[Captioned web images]
<<<<

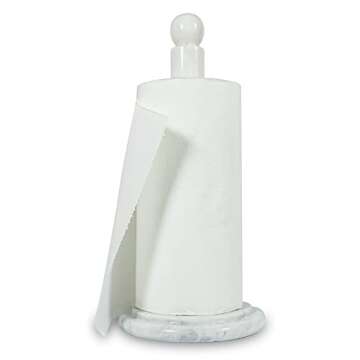 TheWolfard Luxury Handmade White Marble Paper Towel Holder Stand for Kitchen Countertop, Dining Tabl...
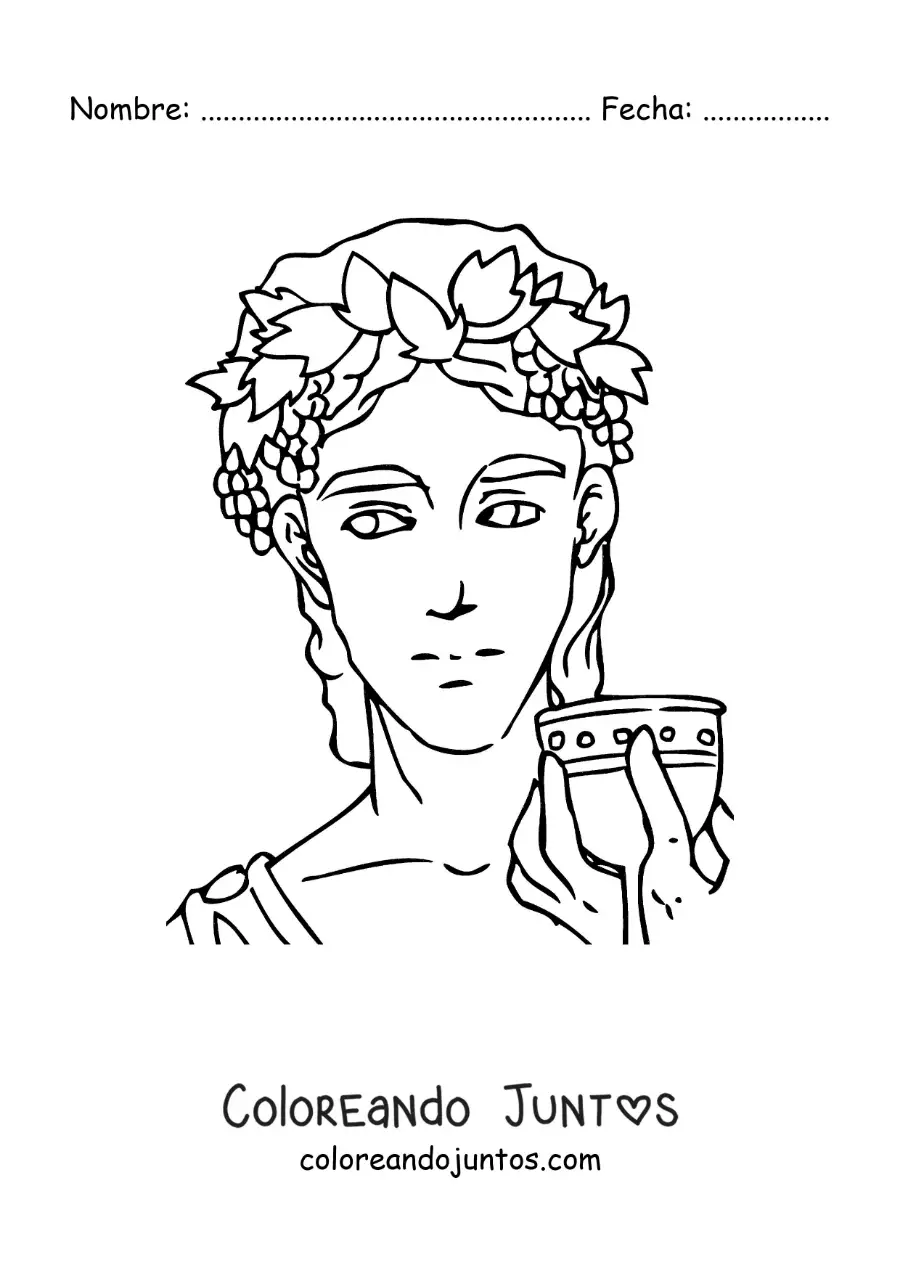 Imagen para colorear del dios Dionisio estilo anime tomando una copa de vino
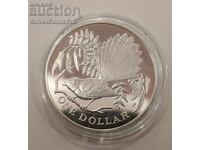 Argint 1$ Pasăre evantai 1980 Noua Zeelandă
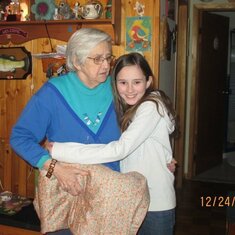 Mom Giving Monica her quilted blanket for Xmas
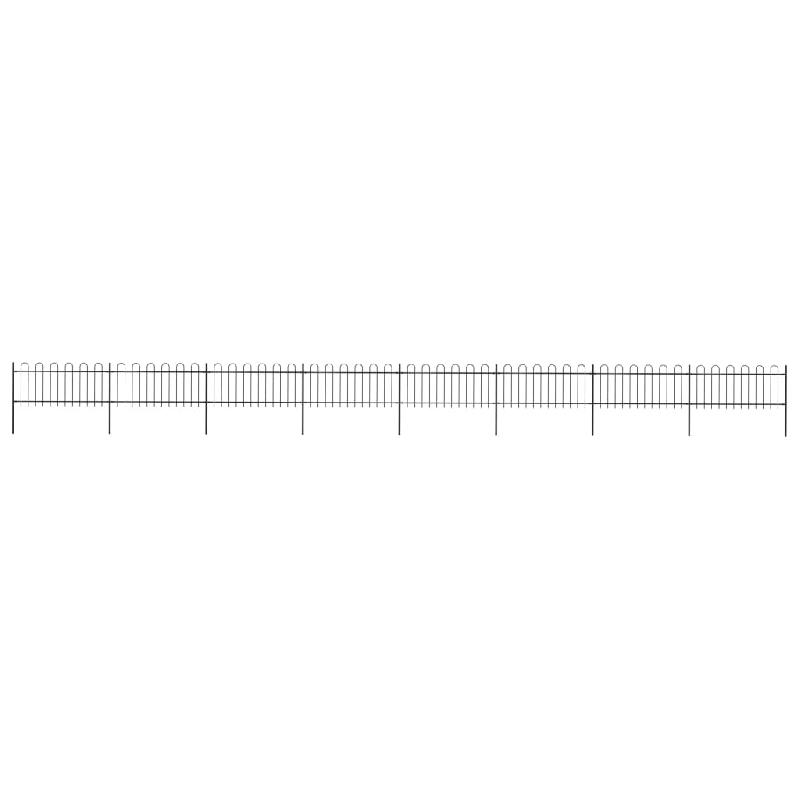 Vidaxl clôture de jardin avec dessus en cerceau acier 13,6x0,8 m noir 277654_0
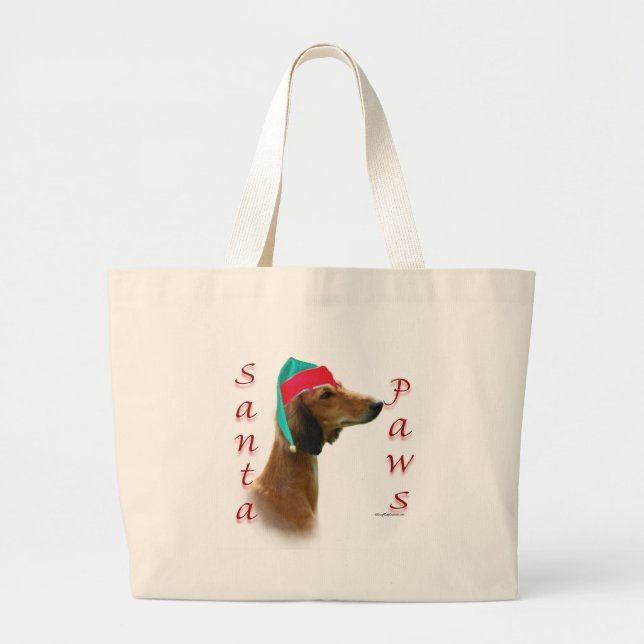Saluki Santa Paws Jumbo Stoffbeutel (Vorne)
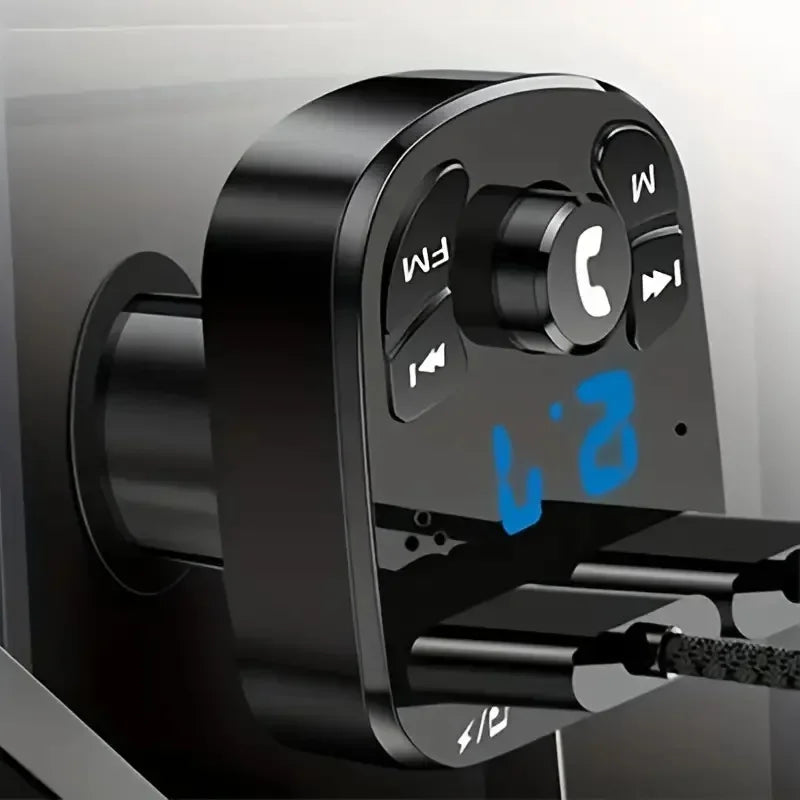 1 pc Car MP3 Wireless Car Bluetooth FM Transmitter Aux Supports QC3.0 Charging Treble and Bass Sound Music Player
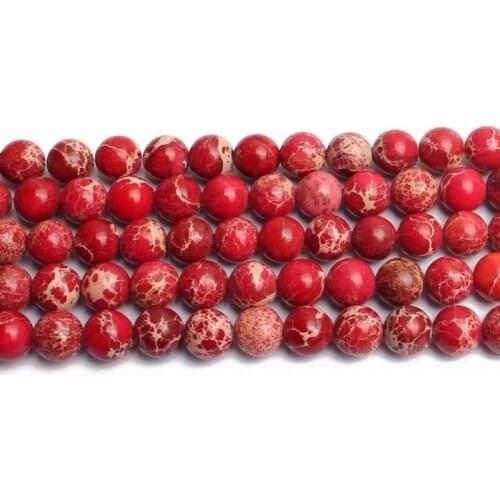 Pick Size 4mm/6mm/8mm/10mm Natural Stone Red Sea Sediment Jaspe Round Loose Beads for DIY Bracelet Necklace Jewelry Making 15.5"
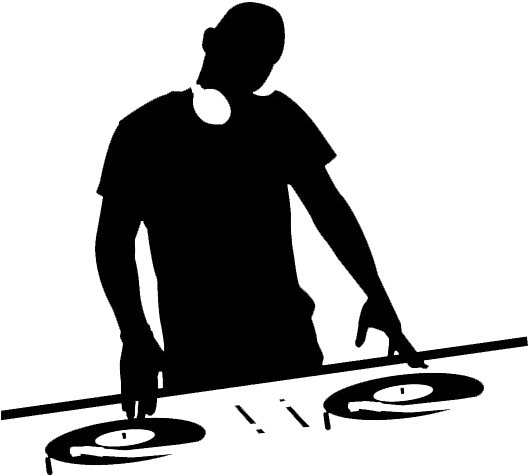 Dj Clipart Black And White (600x600), Png Download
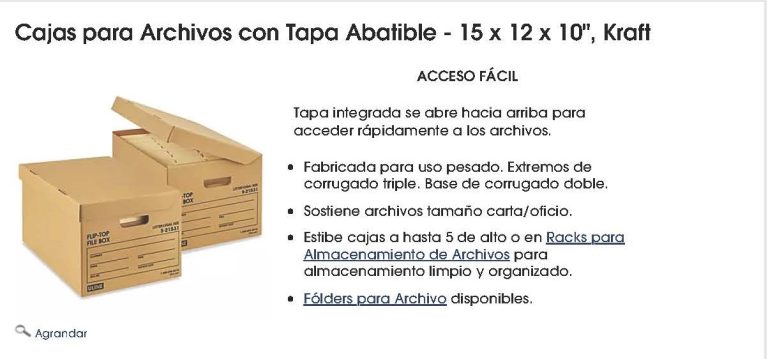 Cajas para Archivos con Tapa Abatible - 15 x 12 x 10
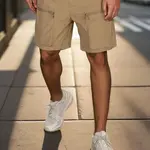 Pánské khaki kapsáčové kraťasy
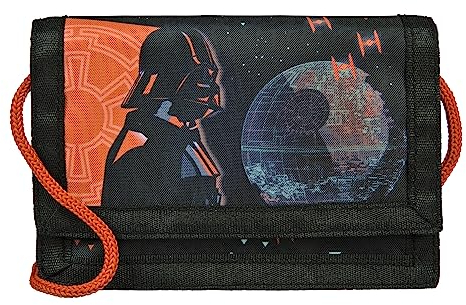 Undercover Geldbeutel und Brustbeutel, mit Klettverschluss und Reißverschluss, Portemonnaie Kordelband, Geldscheinfach und Münzfach für Kinder, Jungen und Mädchen, 8 x 13 x 5 cm, Motiv: Star Wars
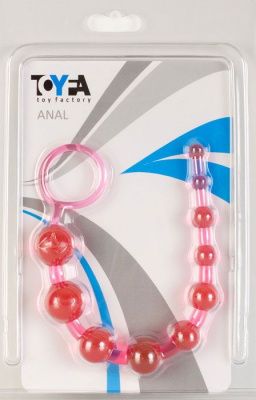 Розовая анальная цепочка из 10 шариков - 25 см. от ToyFa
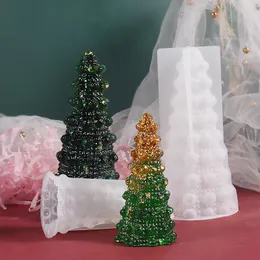 3d Weihnachtsbaumkerker Silikonform DIY Weihnachtskerze machen Kit handgefertigt Seife Gips Harz Backwerkzeuge Feiertagsgeschenke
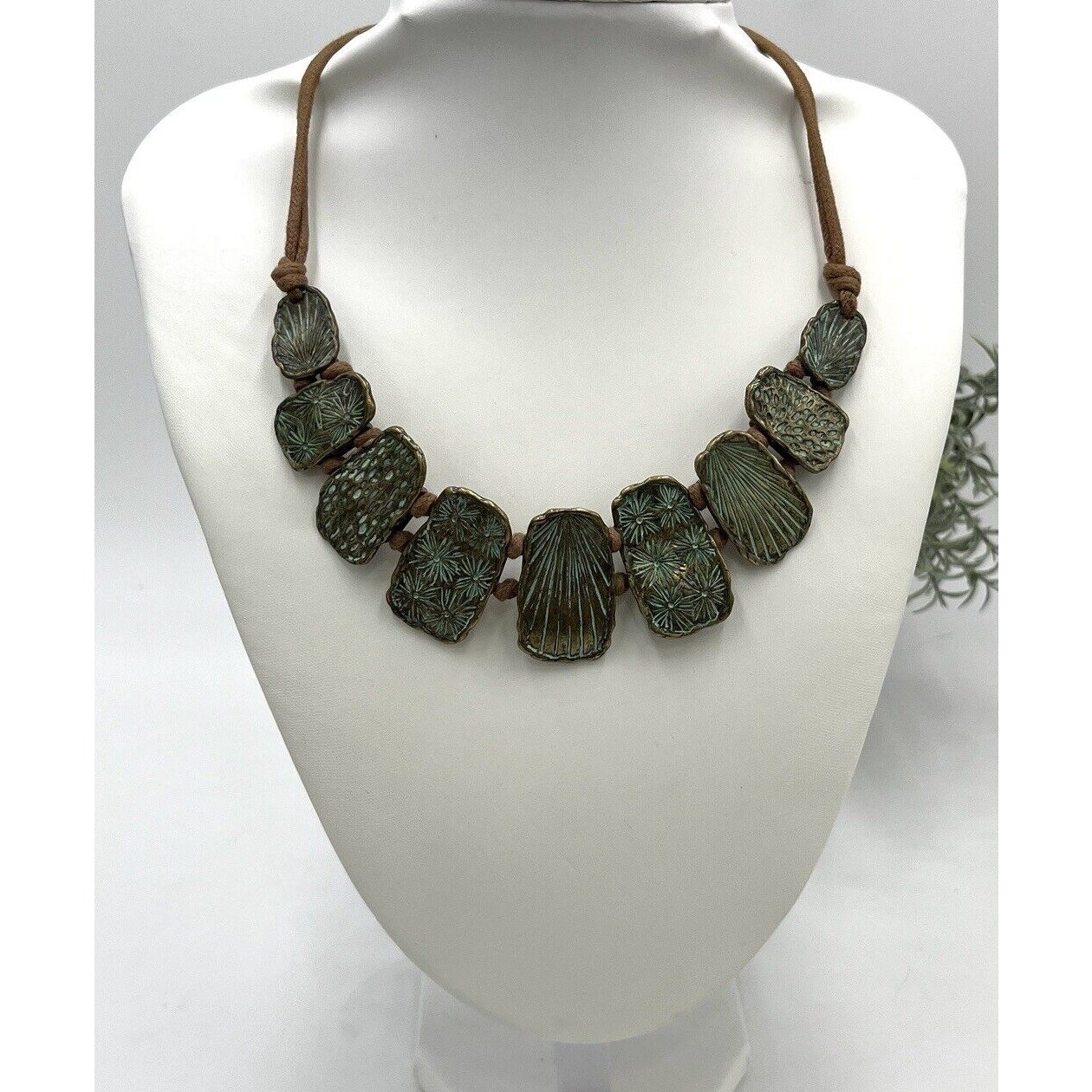 St Thomas Etched Medallions Copper Tone Brown Suede Patina Statement Necklace 30$
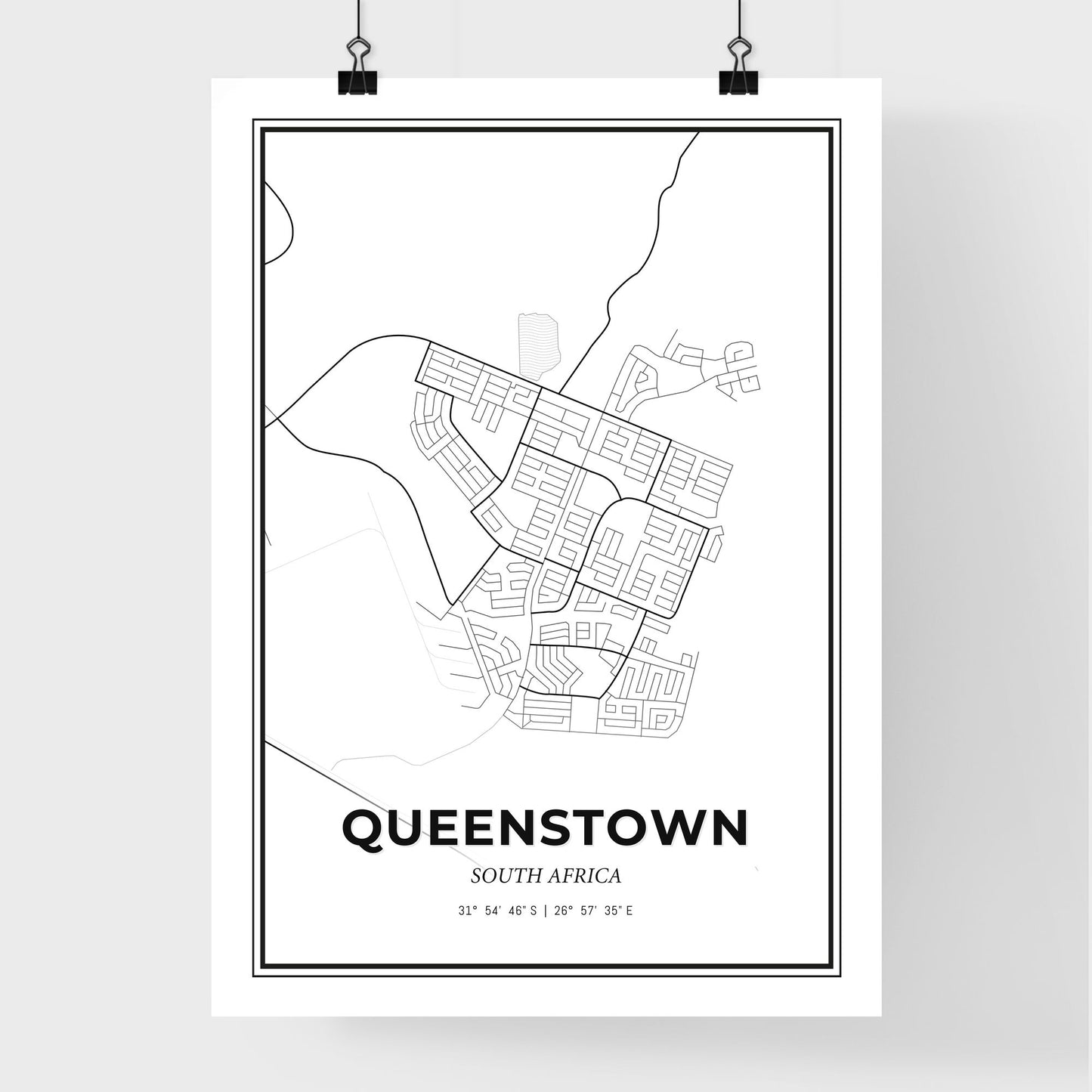 Queenstown South Africa - Premium City Map Poster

>>>>

- [DIRECTIONS]
Return the records word for word, leaving every picture out of the copy.

- [RESPONSE TO THIS TASK]
 TheWolfard Luxury Handmade White Marble Paper Towel Holder Stand for Kitchen Countertop, Dining Tabl...
 Imagen para colorear del dios Dionisio estilo anime tomando una copa de vino
 Argint 1$ Pasăre evantai 1980 Noua Zeelandă
 Mom Giving Monica her quilted blanket for Xmas
 Vidaxl clôture de jardin avec dessus en cerceau acier 13,6x0,8 m noir 277654_0
Saluki Santa Paws Jumbo Stoffbeutel (Vorne)
 1 pc Car MP3 Wireless Car Bluetooth FM Transmitter Aux Supports QC3.0 Charging Treble and Bass Sound Music Player
 Pick Size 4mm/6mm/8mm/10mm Natural Stone Red Sea Sediment Jaspe Round Loose Beads for DIY Bracelet Necklace Jewelry Making 15.5"
 Dj Clipart Black And White (600x600), Png Download
 Cajas para Archivos con Tapa Abatible - 15 x 12 x 10
 Pánské khaki kapsáčové kraťasy
 Undercover Geldbeutel und Brustbeutel, mit Klettverschluss und Reißverschluss, Portemonnaie Kordelband, Geldscheinfach und Münzfach für Kinder, Jungen und Mädchen, 8 x 13 x 5 cm, Motiv: Star Wars
 Розовая анальная цепочка из 10 шариков - 25 см. от ToyFa
 3d Weihnachtsbaumkerker Silikonform DIY Weihnachtskerze machen Kit handgefertigt Seife Gips Harz Backwerkzeuge Feiertagsgeschenke
 St Thomas Etched Medallions Copper Tone Brown Suede Patina Statement Necklace 30$
 Queenstown South Africa - Premium City Map Poster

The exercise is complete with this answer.